Initially, though, the arms race that is expected will not unfold according to the classic Cold War model. It would not involve the two sides’ nuclear weapons systems, and numbers are unlikely to run into hundreds or thousands. But this latest round of military muscle-flexing would be no less hazardous for that. Low-flying cruise missiles, particularly the new camouflaged types, are very difficult for generic radar to detect, and despite their relatively slow speed of travel, there is no guaranteed defence against them. Medium-range ballistic missiles, by contrast, move at high velocity and can potentially hit targets with less than five minutes’ warning. The new and upgraded US systems would thus reduce crisis stability and arms race stability in Europe.

Ways out of the crisis?

There are really only three ways out of this scenario. First of all, there is a chance that Russia will scrap its SSC-8 cruise missile and thus prevent a fresh twist in the arms spiral before it really gets started. For that to happen, however, the Kremlin would have to set aside the “positive arguments” in favour of a new arms race. With a president like Trump in the White House, some European allies’ motivation for upgrading their weapons systems is likely to be limited. The ensuing tensions within the Alliance would certainly be welcomed in Moscow.

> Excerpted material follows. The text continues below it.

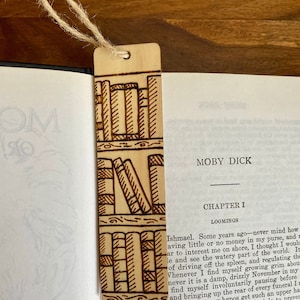 Wooden Bookmark - Bookcase Design - Pyrography - Woodburning - Bookish Gift - Unique Item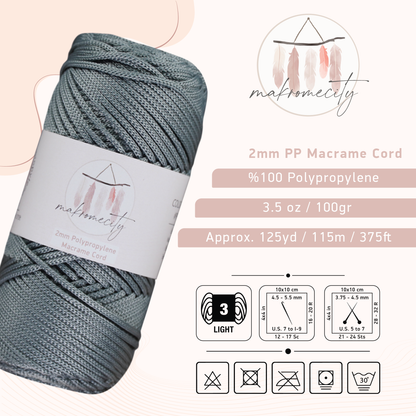 Polyester Macrame Cord 2mm x 125 Yards (375 feet) 2mm Polypropylene - Grey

A second option is for the US Congress to upset the Trump administration’s funding plans by refusing to give its approval for this new big-budget military hardware. For that to happen, however, the legislature would have to ignore any geopolitical arguments relating to China, given that the Trump administration’s rationale behind its decision to withdraw from the INF Treaty was based on concerns about the rising military tensions with the Chinese.

And then there is the issue of arms control. Under a proposal from the Bundestag, Russia would pull back its banned missiles to behind the Urals, while NATO would hold off upgrading its missile systems. The challenges associated with verification of this type of loose agreement could presumably be addressed using modern technology.

As things stand, however, all three are fairly unlikely scenarios. Mutual distrust weighs too heavily. Europe therefore seems to be heading for a new arms race, setting the stage for a New Cold War with Eastern Europe yet again at the epicentre.


Ulrich Kühn is Deputy Head of the Arms Control and Emerging Technologies Program at the Institute for Peace Research and Security Policy at the University of Hamburg, and a Nonresident Scholar with the Nuclear Policy Program of the Carnegie Endowment for International Peace.